Enrique Teran thinks that the real estate agent is “increasingly threatened as our industry adapts to new ways to try to automate and replace Realtor processes through the use of technology and shared knowledge.”
And he thinks brokers need to do something about it.
“These challenges, which will ultimately shape the future of our industry, require brokers to strongly compete and innovate in developing unique solutions for both local consumers and agents to engage in their markets and survive,” Teran said.
The co-founder of the Miami-based tech-led real estate firm, Avanti Way Realty, has called for brokers to work more actively on their agents’ behalf rather than taking a hands-off attitude and letting real estate boards step in with tools and knowledge.
“A lot of brokers have moved away from escrow accounts; they are not involved in any of the [transaction] process but are just cashing the commission check,” he said. “They have become dependent on the board tools and teaching of their agents.
“It’s very sad to see our industry go that way. At the end of the day, if the brokers are not being competitive, igniting the agent to be highly successful, what happens?”
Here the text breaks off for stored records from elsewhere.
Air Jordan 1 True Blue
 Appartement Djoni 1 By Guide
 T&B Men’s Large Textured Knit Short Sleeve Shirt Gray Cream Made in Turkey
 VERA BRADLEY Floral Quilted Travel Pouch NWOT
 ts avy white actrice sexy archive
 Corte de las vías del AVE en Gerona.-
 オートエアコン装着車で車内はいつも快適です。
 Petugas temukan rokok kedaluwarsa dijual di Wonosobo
The steps being taken by the boards to fill the void are well-meant, but unfortunately, they are not creating “conducive” conditions for brokers to become innovative and are not in the best interests of local consumers, said Teran.
“Boards are not providing an interpretation of the data — they are focused on giving them transaction tools instead of working with the brokers to incorporate these tools, to be smart and position their agents to compete and innovate for the future of the industry,” he said.
It should be brokers, not real estate boards, developing the agent
It should not be the boards and the National Association of Realtors developing agents, he added.
“The broker is the one who knows the local market and what their consumers demand,” said Teran.
Brokers need to stop being lazy, he said. “Instead of only trying to figure out clever ways to provide the highest possible commission split to attract agents, they should focus their energy on developing and innovating competent agents who consumers can benefit from,” he aid.
“I can tell you first-hand that agents would rather do $300,000 at a 50 percent split than $150,000 at 90 percent or even 100 percent splits,” said Teran.
More brokers are surviving by becoming a commodity
Brokers are surviving by becoming a commodity, he claimed.
“There will be commodity brokers, and then there will be a few brokers like ourselves that will truly always innovate and create a secure spot for the real estate agent.”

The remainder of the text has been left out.